Pourquoi L'Oréal se sépare de The Body Shop

Par Alexandre Gadaud  |   |  675  mots
L'entreprise de cosmétique The Body Shop est vendue pour 1 milliard d'euros au groupe brésilien Natura Cosméticos.
L'Oréal a finalisé la vente de sa branche de cosmétique "inspirée par la nature" The Body Shop, au groupe brésilien Natura. Un divorce qui marque un nouveau virage dans la stratégie du groupe français pour les cosmétiques "responsables".

Après onze années sous le même pavillon, The Body Shop quitte pour de bon le navire L'Oréal.
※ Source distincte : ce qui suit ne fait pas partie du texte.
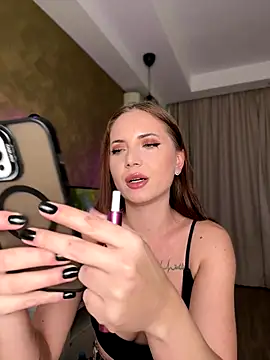 Snapshot of AvaGianna chatting on November 19, 2025, 4:29 pm AvaGianna online show from November 19, 2025, 4:29 pm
Le plus important groupe de cosmétique mondial cède la chaîne britannique de magasins au brésilien Natura Cosméticos pour 1 milliard d'euros en valeur d'entreprise d'après un communiqué publié vendredi. L'entreprise dirigée par Jean-Paul Agon avait déjà annoncé l'identité du futur acquéreur le 9 juin, en précisant les termes de l'accord. La marque avait été rachetée par L'Oréal en 2006 pour 940 millions d'euros.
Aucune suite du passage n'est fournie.